» **TASK REQUIREMENTS**
Starting from the first line, transcribe the whole listing exactly.

» **DATASET SECTION**
------
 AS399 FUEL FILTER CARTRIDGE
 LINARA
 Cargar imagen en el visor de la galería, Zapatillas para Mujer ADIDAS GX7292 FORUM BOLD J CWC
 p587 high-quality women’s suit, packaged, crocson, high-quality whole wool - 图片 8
------
» **WRITTEN REPLY**
 AS399 FUEL FILTER CARTRIDGE
 LINARA
 Cargar imagen en el visor de la galería, Zapatillas para Mujer ADIDAS GX7292 FORUM BOLD J CWC
 p587 high-quality women’s suit, packaged, crocson, high-quality whole wool - 图片 8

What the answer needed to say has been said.